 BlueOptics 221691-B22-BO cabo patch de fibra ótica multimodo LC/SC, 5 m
■ ■ ■ ■ ■ ■ ■
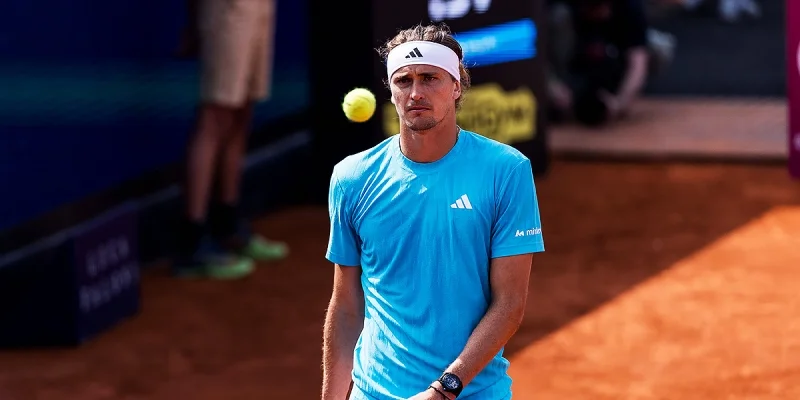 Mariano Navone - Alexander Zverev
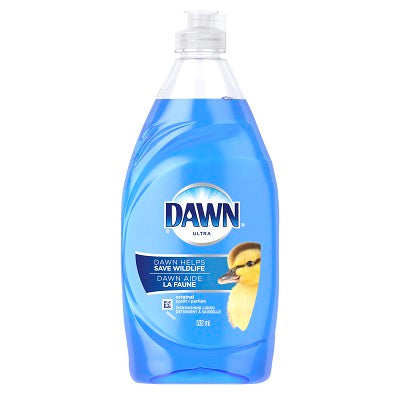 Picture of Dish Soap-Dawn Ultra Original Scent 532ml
■ ■ ■ ■ ■ ■ ■
Aim of the task:
Set the pictures aside and transcribe exactly the stretch of lines above, beginning with the one holding "Mariano Navone - Alexander Zverev" and ending with the one holding "Picture of Dish".

Answer to this task:
 Mariano Navone - Alexander Zverev
 Picture of Dish Soap-Dawn Ultra Original Scent 532ml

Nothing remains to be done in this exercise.